Hayatını kaybeden vatandaşlarımız 25
binlerde ve muhtemelen çok daha da yükselecek enkazlar temizlendikçe.
Deprem
coğrafyasında yapılan çalışmalar henüz
tamamlanmamasına rağmen yıkılan bina
sayısı 12 binlerde ve sayım kontrol devam etmekte.
Ülkemizin
son yüzyılda yaşadığı en büyük deprem, nüfus yoğunluğunun artması nedeniyle de
bütün zamanların en çok kayıplarının verildiği deprem olarak tarihe geçecek
muhtemelen.
Yaralar
elbette sarılacak, hayatlarını kaybeden vatandaşlarımızın sızısını
yüreklerimizde yıllarca taşıyacağız. Sağ kurtulanların normal hayatlarına
dönmesi için devlet ve millet olarak bütün imkanlar seferber edilecek.
Bütün bu
hayati süreç tamamlanınca ise önümüzde gelecek için düşünmemiz gereken çok önemli bir konu var.
Afetlere
hazır olmak.
Gördük ki
böyle çok büyük bir depremde, binlerce bina enkazının olduğu bir coğrafyada
arama kurtarma hizmetlerinin çok daha kapsamlı olması gerekiyor. Bu kadar
devasa boyuttaki enkaz sayısına organize ekipleri yetiştirmek ise neredeyse imkansız. Enkaz haline gelen bina sayıları daha da
fazla olabilir, şehirler tamamen yıkılabilirdi.
Bu kadar
ekibi nereden nasıl bulacağız?
Ülkemizin
başka bölgelerinde de yıllardır deprem beklentisi dillendiriliyor bildiğimiz
gibi. İstanbul depremi başta, ege coğrafyası vb. bir çok nokta.
Öyleyse
bu arama kurtarma ekiplerine çok fazla ihtiyacımız olacak
Allah muhafaza
bir İstanbul Marmara depremine bölge dışından belki de on binlerce ekip aynı
anda müdahale etmek zorunda kalacak.
Kişi
değil, ekip !!
Her biri
en az 15-20 kişiden oluşacak..
Nasıl
oluşturacağız bu ekipleri. Devletin AFAD
vb kurumlarının çok ciddi ekipleri elemanları ve imkanları var ama son örnekteki gibi on ilde birden onbinlerce enkazda çalışacak
ekibe sahip olmak, afet durumunda hepsini enkaz başlarına aynı anda ulaştırabilmek imkansız.
Ülkemizin
bütün kamu- özel sektörü de bu anlamda ciddi şekilde organize edilmeli.
Hemen her
ilimizde gerek kamu olsun gerek özel sektör olsun yüzlerce binlerce
fabrika, işletme, müessese var.
Belli
personel sayısındaki örneğin 500 kişi ve üzeri, veya 300 kişi ve üzeri şirketlerin
hepsine arama kurtarma ekibi oluşturma görevi verilmeli.
İş kanunu
ve iş güvenliği yasaları uyarınca zaten küçük büyük her firma yangın ekibi, kurtarma ekibi vb gibi birimler
oluşturmak zorunda. Ama bu zorunluluk kendi bünyelerindeki sorunları
krizleri çözmek için. Oysa ülke
çapındaki afetlerde de görev alacak organizasyonlara gidilebilir.
300-500
personel çalıştıran birçok firmada mutlaka teknik eleman bulunur.
Bakımcı elektrikçi,
kaynakçı, atelye, tamirci vb.
Bu türden
teknik elemanlardan her firma bünyesinde afet ekibi de oluşturulabilir.
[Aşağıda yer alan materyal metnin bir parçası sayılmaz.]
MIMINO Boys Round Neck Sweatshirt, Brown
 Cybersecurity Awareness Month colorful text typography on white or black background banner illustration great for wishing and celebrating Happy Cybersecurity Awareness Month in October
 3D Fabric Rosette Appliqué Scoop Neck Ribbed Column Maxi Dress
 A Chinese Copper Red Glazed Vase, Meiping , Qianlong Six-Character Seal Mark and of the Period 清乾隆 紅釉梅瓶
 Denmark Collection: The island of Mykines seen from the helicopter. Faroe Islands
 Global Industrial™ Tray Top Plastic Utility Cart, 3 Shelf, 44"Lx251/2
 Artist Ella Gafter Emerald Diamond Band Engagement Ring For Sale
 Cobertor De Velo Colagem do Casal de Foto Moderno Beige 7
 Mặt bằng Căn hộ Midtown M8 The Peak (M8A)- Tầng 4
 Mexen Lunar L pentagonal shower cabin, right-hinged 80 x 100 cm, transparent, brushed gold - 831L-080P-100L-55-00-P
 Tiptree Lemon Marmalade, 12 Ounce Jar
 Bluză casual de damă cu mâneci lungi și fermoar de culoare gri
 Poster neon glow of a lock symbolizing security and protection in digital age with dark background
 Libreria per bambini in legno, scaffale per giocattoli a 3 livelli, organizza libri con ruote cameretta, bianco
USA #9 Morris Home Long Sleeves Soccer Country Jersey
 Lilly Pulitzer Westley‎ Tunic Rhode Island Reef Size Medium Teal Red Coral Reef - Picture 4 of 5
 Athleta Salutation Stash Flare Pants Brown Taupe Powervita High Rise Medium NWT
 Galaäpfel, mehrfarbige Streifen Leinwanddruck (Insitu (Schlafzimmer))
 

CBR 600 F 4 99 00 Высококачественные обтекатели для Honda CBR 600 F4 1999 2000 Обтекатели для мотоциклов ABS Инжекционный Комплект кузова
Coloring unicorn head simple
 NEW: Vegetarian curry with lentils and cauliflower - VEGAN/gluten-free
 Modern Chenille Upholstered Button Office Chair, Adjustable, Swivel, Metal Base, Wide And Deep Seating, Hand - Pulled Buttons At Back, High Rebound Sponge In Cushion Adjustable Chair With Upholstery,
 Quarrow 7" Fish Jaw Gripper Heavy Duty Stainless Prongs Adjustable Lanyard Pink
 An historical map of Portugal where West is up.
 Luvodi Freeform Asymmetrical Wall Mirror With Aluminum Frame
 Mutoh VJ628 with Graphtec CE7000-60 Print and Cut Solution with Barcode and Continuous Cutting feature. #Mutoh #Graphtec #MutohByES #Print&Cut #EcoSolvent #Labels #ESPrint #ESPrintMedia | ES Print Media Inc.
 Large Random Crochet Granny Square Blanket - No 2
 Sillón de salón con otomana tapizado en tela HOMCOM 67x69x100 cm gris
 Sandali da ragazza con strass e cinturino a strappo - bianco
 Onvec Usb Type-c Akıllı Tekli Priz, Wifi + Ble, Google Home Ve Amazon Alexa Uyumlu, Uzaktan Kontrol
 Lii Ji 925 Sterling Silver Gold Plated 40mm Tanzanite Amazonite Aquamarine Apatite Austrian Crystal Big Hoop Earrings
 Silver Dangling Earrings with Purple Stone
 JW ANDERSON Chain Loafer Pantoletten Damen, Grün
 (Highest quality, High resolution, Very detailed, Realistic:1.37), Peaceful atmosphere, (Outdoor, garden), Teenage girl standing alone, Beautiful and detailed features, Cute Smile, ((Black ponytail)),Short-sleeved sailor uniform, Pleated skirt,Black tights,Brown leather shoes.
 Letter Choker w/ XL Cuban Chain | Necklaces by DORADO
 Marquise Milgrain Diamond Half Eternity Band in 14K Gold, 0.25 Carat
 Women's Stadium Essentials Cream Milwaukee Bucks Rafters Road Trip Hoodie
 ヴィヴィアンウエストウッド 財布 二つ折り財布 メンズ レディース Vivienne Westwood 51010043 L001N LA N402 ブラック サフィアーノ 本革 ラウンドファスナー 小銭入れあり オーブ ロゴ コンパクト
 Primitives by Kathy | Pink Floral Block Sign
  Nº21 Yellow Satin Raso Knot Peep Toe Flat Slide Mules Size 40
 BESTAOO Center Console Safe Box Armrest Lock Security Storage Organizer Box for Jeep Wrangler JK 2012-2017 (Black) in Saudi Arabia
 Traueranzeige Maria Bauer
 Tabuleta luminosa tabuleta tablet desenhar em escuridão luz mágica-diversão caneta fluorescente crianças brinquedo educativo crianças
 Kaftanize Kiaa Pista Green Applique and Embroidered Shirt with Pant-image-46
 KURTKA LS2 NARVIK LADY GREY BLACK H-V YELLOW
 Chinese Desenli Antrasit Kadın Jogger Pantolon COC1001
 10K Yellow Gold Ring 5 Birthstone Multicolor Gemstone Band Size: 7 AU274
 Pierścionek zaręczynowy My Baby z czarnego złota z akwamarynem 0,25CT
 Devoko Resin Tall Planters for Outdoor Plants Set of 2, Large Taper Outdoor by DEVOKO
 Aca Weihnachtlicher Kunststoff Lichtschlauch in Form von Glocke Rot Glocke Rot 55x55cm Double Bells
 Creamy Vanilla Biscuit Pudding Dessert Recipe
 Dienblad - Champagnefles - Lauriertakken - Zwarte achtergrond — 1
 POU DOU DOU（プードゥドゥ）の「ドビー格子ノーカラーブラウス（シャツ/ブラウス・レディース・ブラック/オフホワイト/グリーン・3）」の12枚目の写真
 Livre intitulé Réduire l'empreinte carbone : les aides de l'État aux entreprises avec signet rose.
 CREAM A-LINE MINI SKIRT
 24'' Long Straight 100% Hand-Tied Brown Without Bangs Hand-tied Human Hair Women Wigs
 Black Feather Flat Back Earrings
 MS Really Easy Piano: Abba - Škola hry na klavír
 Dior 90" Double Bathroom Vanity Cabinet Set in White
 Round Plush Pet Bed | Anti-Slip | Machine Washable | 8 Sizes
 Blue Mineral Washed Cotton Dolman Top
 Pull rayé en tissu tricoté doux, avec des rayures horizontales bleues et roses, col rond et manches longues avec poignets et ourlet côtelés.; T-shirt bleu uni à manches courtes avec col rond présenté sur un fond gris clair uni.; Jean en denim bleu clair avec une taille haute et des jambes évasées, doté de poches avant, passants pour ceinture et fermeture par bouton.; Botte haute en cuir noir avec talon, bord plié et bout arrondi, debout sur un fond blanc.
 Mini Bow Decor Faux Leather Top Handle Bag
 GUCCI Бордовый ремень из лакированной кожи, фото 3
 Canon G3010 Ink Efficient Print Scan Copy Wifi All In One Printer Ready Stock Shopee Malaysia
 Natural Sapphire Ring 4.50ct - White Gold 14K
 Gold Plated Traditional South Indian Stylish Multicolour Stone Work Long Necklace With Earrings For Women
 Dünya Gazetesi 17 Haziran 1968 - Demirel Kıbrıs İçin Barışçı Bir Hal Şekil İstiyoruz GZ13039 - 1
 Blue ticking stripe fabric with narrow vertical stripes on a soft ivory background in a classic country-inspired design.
Büyüklüğüne göre her firma 15-20 şer kişilik ekipler oluşturabilir. İçlerinde
ayrıca gönüllü personel de olabilir.
Bu oluşturulacak
ekipler için , afetlerde kullanacakları bütün malzemeler temin edilebilir. Bir depoda, küçük bir jeneratör, elektrikli/manuel demir kesme makinaları,
Hilti benzeri beton kırıcı deliciler, mekanik ve hidrolik krikolar, manivela, balyoz
kazma kürek vb el ekipmanları, dinleme,
izleme, termal kamere vb ekip için uygun
kıyafetler, çadır, aydınlatma ekipmanları ve
amaca uygun bütün diğer malzemeler hazır tutulabilir. Hatta gerektiğinde
ekibi ve malzemeleri afet alanına sevk etmek için minübüs vb gibi bir araç tahsis edilebilir.
Bu
birimleri, bütün malzemelerini ve araçlarını hazır tutmayı devlet zorunlu tutabilir.
Gerekirse iş kanununa ilaveler yapılır. Bu masrafları firmaların vergilerinden
düşmeleri imkanı da getirilebilir.
Huzur
dönemlerinde bu ekiplere eğitim
verilebilir, tatbikatlar yaptırılabilir.
Bu
ekipler normalde kendi şirketlerinin işlerini görürken, bir afet durumunda hızla
müdahale edecek şekilde afet
bölgesine sevk edilebilir.
Bu
organizasyonu yapacak büyük firmalarımız yok mu?
Binlerce
var?
Hepimiz
aklımızdan geçirebiliriz değil mi?
Yapamazlar
mı?
O firmalarda
çalışan teknik elemanlarımız, gönüllülerimiz görevden kaçarlar mı?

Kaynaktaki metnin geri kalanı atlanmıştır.